I don’t like doing resistance training more than three or four times a week, tops. Our bodies need to recover from all that movement. Combining resistance training with cardio is a really great idea, though. It keeps you having fun and it keeps your body in peak condition. Give me a few different kinds of workouts and I’m happy!

Do you have a favourite kind of exercise? Would you rather do an exercise for five minutes in a row or break it up and come back to it later? Share your thoughts in the comments section below!

17 Comments

  1. julie

    Kickboxing! I like zumba, step, too. I do the resistance/strength training about 2x/week, but don’t love it. I love riding my bike, but consider it transportation, and really love hiking, though I don’t have time anymore.

  2. Holly

    I agree! I don’t think there is one workout that is superior to everything else. I think the key is mixing it up!

    I love intervals for cardio (in spin class, walking on an incline, and running) and I love to challenge myself during strength training, too.
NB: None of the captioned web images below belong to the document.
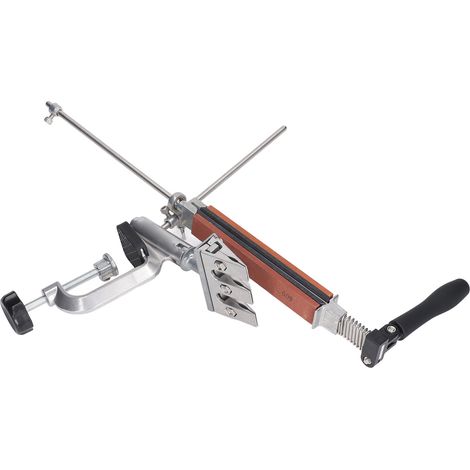 Affûteur à angle fixe en métal avec 4 pierres à aiguiser, outil rotatif et pivotant à 360° pour l'affûtage et le polissage. (1/5)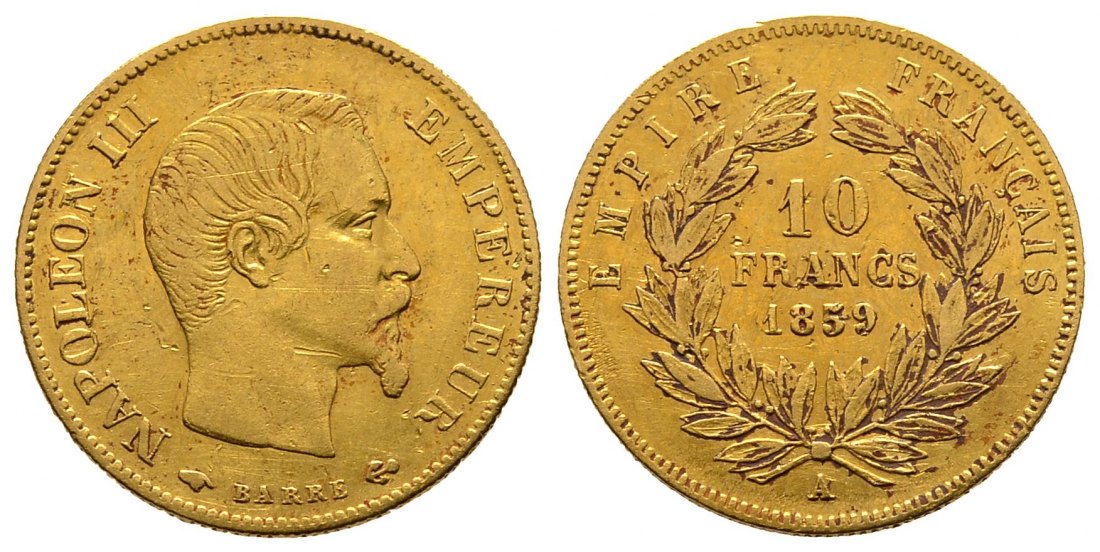 PEUS 9491 Frankreich 2,90 g Feingold. Napoleon III. 10 Francs GOLD 1859 A Sehr schön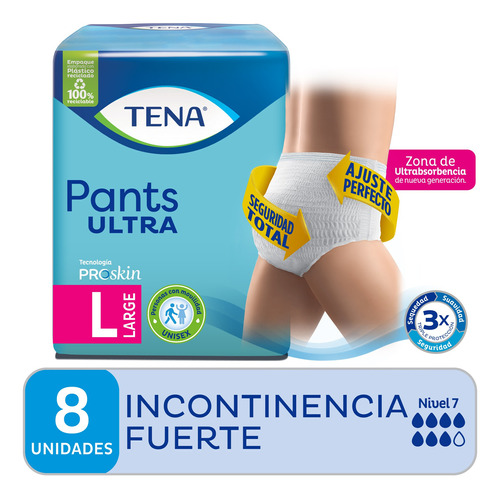 Pañales para adultos descartables Tena Pants Ultra L 8 unidades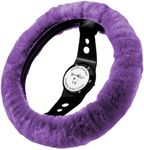 Andalus Brands Australian Sheepskin Steering Wheel Cover, Anti-Slip Universal 15 Inch Fuzzy Steering Wheel Cover Offers a Plush Velvet-Like Touch, Eco-Friendly Fluffy Steering Wheel Cover (Purple)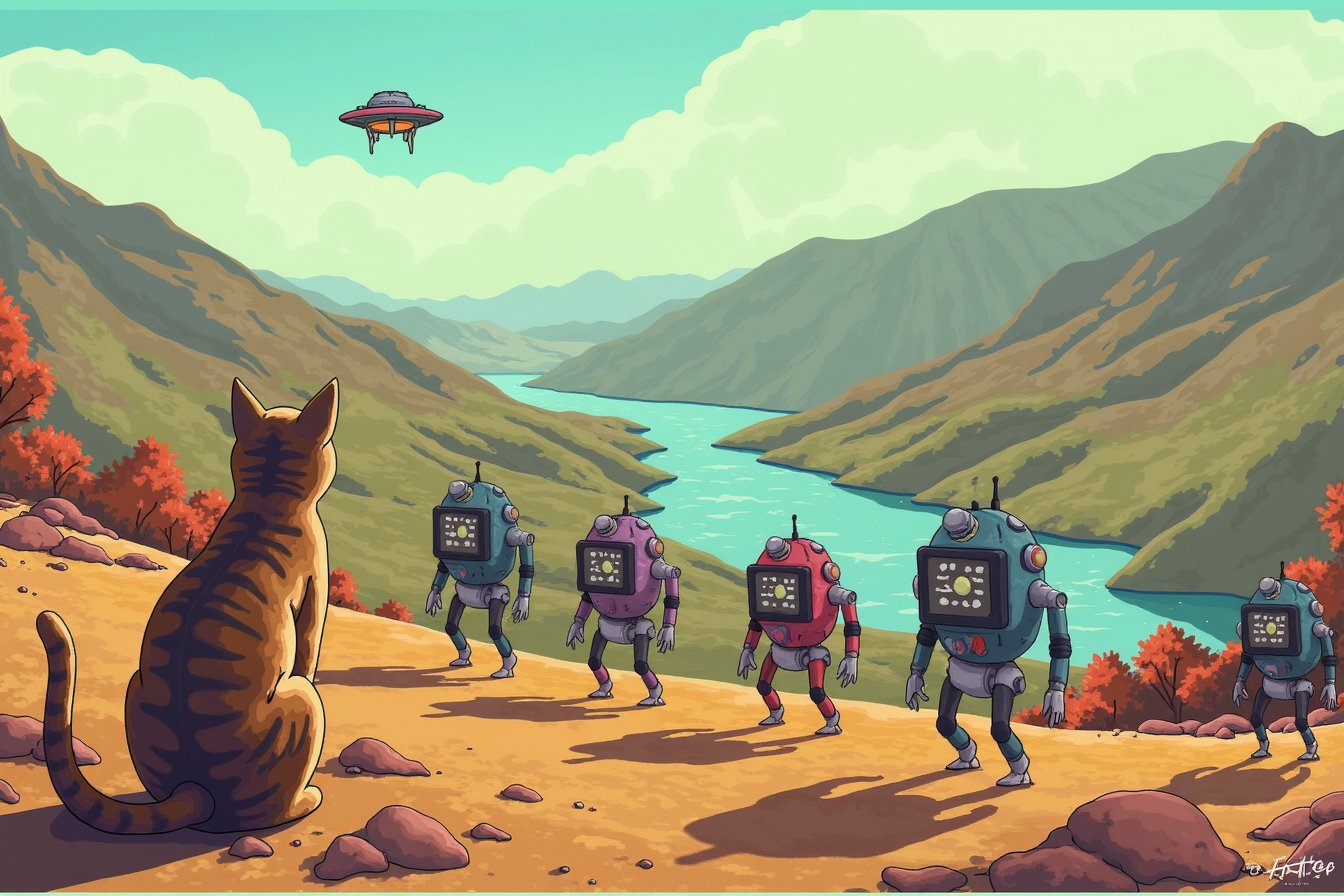 six robots running in a robot racing competition, a seated cat watching them in foreground, a valley with a river in the background, a tiny UFO far away in the sky, 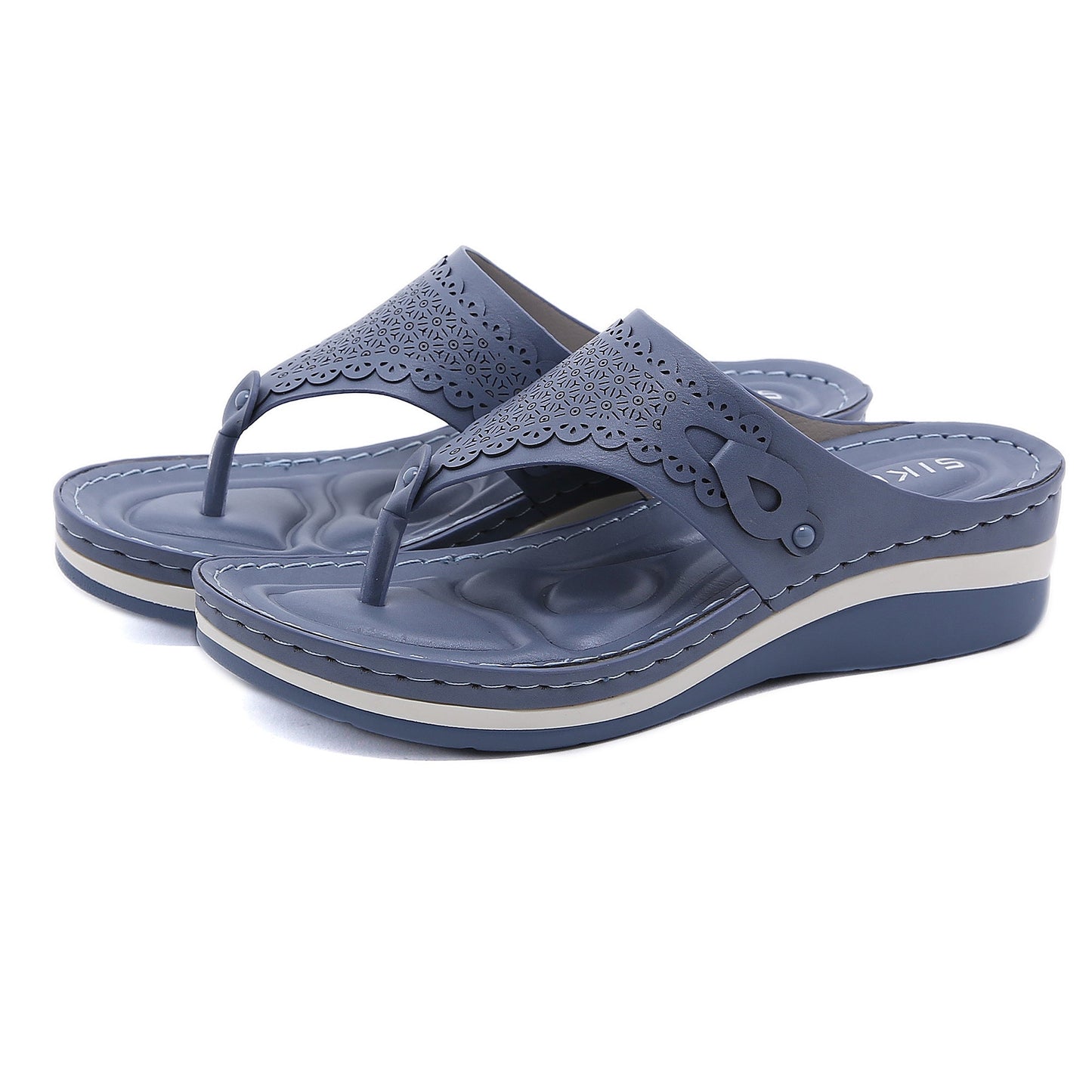 SIKETU | Floral Perforated Flip Flop Sandals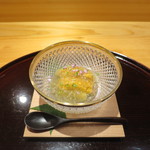 紫雲丹と絹かわなすの加減酢ジュレがけ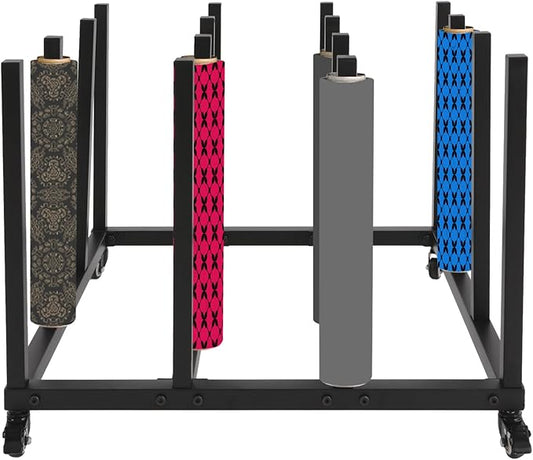 Vinyl Storage Rack | 16 Roll Heavy Duty Media R-oll Cart | Vinyl roll Holder Storage Rack | Round Core Mobile Storage Cart Rack | for Blueprint S-torage/Fabric Organization | Black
I used to be ALL cardio, but now I’m about 50/50!

  3. Jody - Fit at 52

    Like you said, I think we all have to find our best workout, what we like & works for us AND we will do!!!

    I love my weight training.. no secret there!!! But I do mix it up with my cardio. I do machines in the gym but different ones & use HIIT, Jody intervals as I call them, steady state & more. I also do plyometrics here & there.

    It is all about finding what works & them listening to the bod & changing it up to keep the bod guessing! 🙂

  4. Pubsgal

    I don’t think there’s one perfect workout for me. I like to mix it up. Maybe that’s why I like triathlon – it keeps me cross-training!

    I loved BodyPump class, and went faithfully, until our gym changed ownership and the new owners dropped all the Les Mills classes. I was happy that the instructor stayed, but the class she teachers is so different! I’m sore every week again. She really mixes up the strength exercises, but it does cover the whole body like BodyPump does. I wish I felt more comfortable with doing strength training on my own, though. It’s an area in which I could really use some improvement.

    For awhile there, I really loved spin class, but I burned out on it last spring. Plus when summer came, I wanted to ride a real bike more often. 🙂

    And I’d love to try kickboxing and zumba! The gym I go to doesn’t have them at a time I can do it.

  5. Dr. J

    I do all kinds of workouts. Really for me nothing puts it all together like the martial arts. All the weight training, long distance running for real endurance (something you do not get from HIIT. If your instructor does not do long distance running ask them to run a 5K and see how far the HIIT takes them.) body work, and bag training all come together when I’m actually applying it by fighting with the other combatants!

    1. Sagan Morrow

      One of the things that frustrated me with aikido was that so much of it was mental rather than physical. That’s what I love about Body Combat – it’s much more physical and you really FEEL your entire body working.

      Although I’ve got to disagree with you about the HITT (at my gym, it’s called HITT – I know that other places call it HIIT, though. Maybe it’s a copyright thing). The person who owns Aspire Fitness actually works with tons of marathon runners and has been able to help them significantly decrease their times and increase their strength. I think that HITT can be a great supplement to running – if you’re a runner, as long as you do running a few times a week, I bet that HITT helps build up that strength a lot more than if you were just doing running alone.

      1. Dr. J

        I do HIIT, Sagan. I just make aerobic running the foundation of my program, not the other way around. All top marathon runners do the same, as well as the speed training

        From my experience, aikado is nowhere near the workout karate is.